Lake stars in her own self-produced documentary in which she gives birth to her second child in a bath of sea water. Faster than you can teach a cat to play Chopsticks, she has rushed it out for its premiere at the Tribeca Film Festival tomorrow.

For a woman who once revealed that she and her husband were ripping each others' clothes off within an hour of their first meeting, sex has become a passé revelation. After the Pamela Anderson and Paris Hilton sex tapes went global, it would be difficult to compete.

Popping a blood-covered baby in front of a packed cinema, however, still has impact.

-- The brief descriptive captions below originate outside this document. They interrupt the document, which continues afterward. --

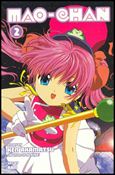 Mao-Chan Cover Image 2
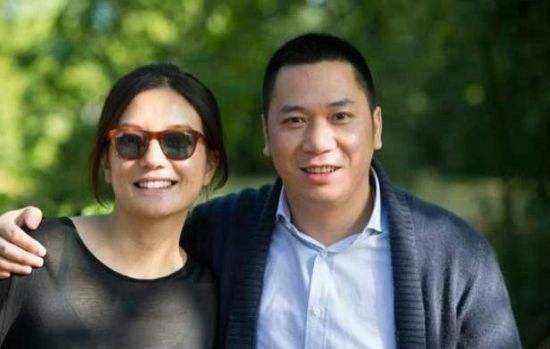 黄有龙暗指遭有组织诬陷 律师:赵薇夫妇恐难翻盘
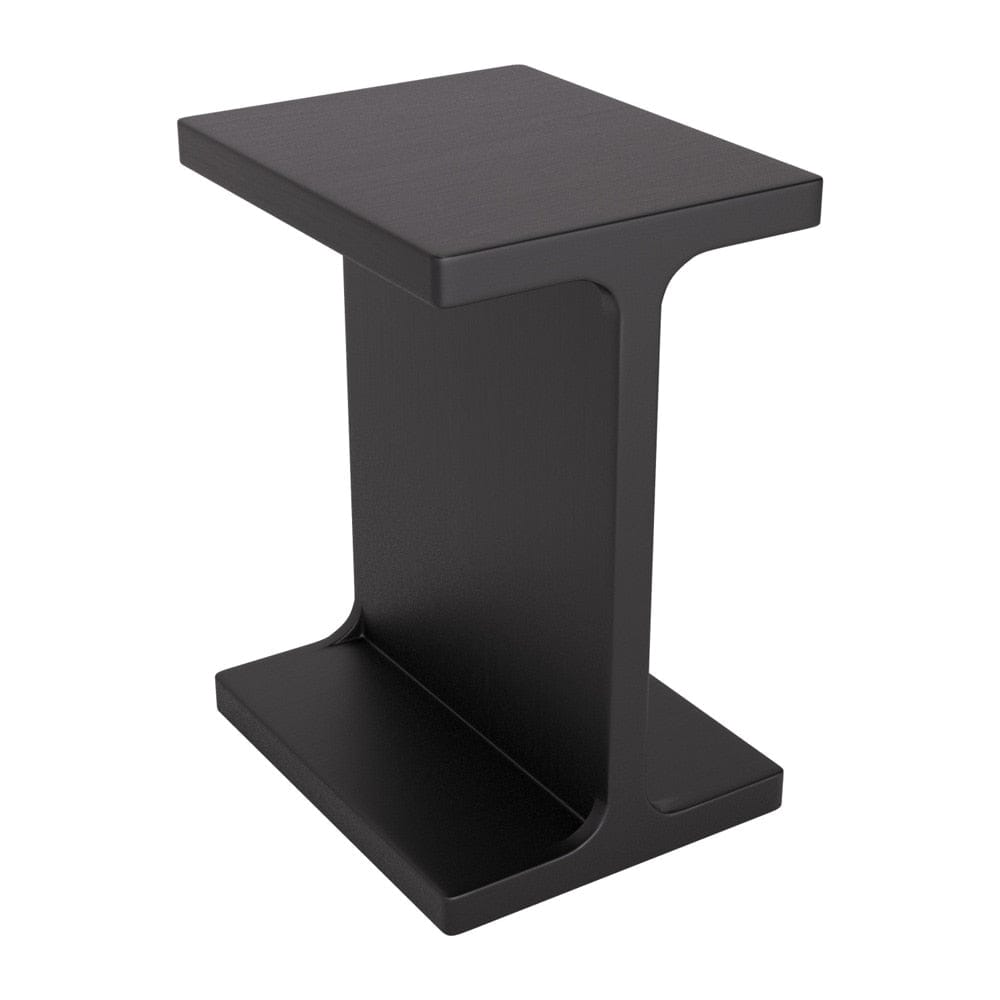 Zuo Modern - Bama Side Table Black - 110251 veiw 4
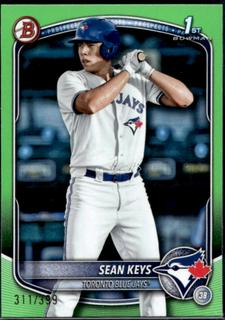 Sean Keys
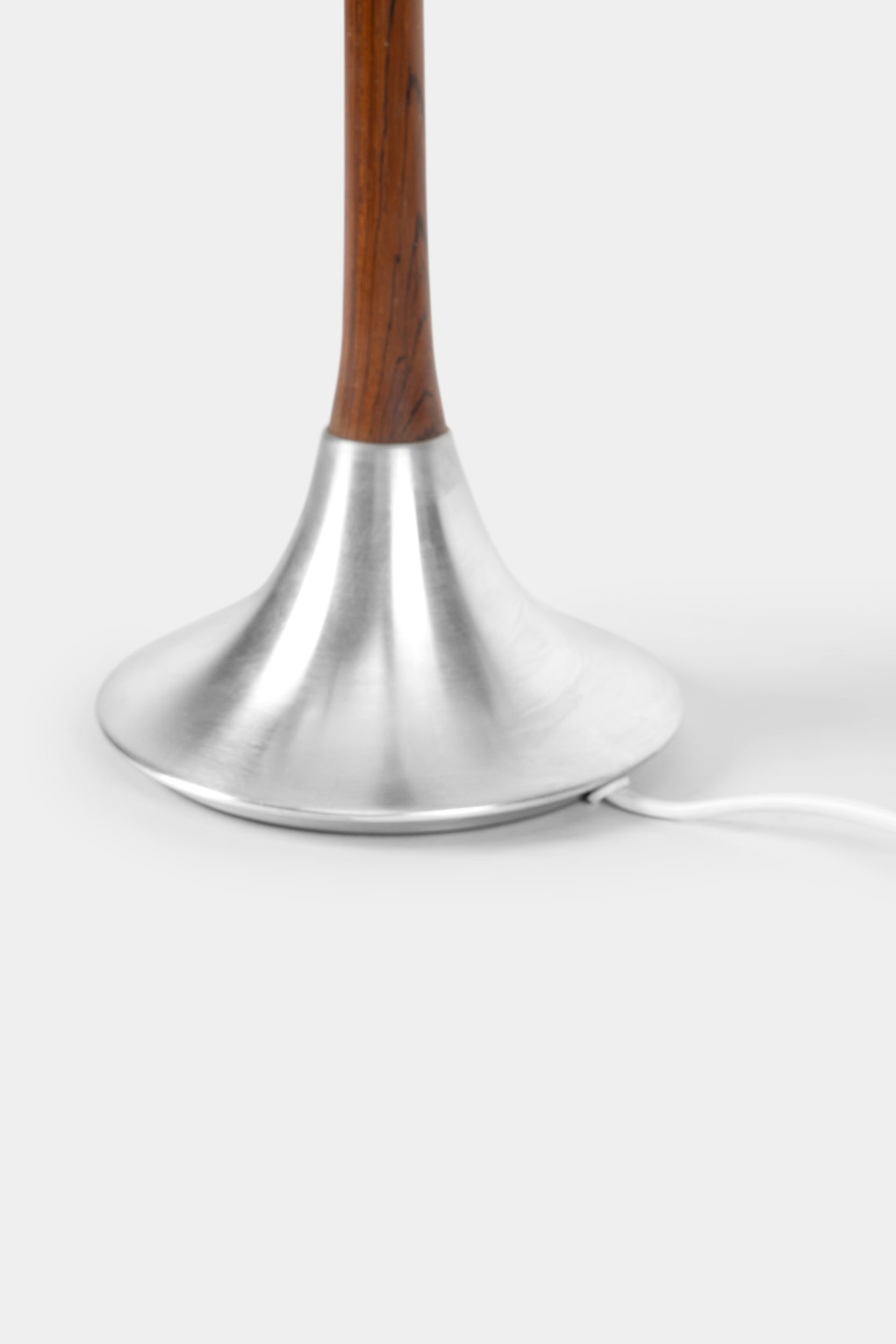 Jo Hammerborg "Ambassador", Fog & Mørup, Tischlampe, 60er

The documentary, The Business of Being Born, raises some serious questions about the Caesarean industry, but the camera stays firmly on Lake and the tribulations of a millionaire talk-show host whose personal assistant slops out the bathtub mess.

There is something distinctly YouTube about the video footage of the home birth. If you cannot compete with a dog catching a Frisbee or a dancing pig, celebrity revelation is a good fallback plan. Lake talks of her hurt, her concerns, her fears, just as Anna Nicole Smith did last year when she sold video footage of her Caesarean section to the Entertainment Channel, which broadcast the entire event, almost unedited.

If it wasn't for Smith's recent death, the footage would make for beautifully unintentional comedy.

"Only we can take you inside the delivery room" boasts the Entertainment Tonight host before we are shown close-up footage of blood reminiscent of Platoon or The Deer Hunter.

"Strapped down and in agony," runs the voiceover, before it cuts to Smith slurring her way through her own commentary: "It felt like God and Jesus were, like, ripping my insides out of my body," she says, as the piano music goes all soft and concerned.

In her moment of agony, her partner, Howard K Stern, narrates that she wants the Caesarean cut above her tattoo but low enough so she can wear a bikini.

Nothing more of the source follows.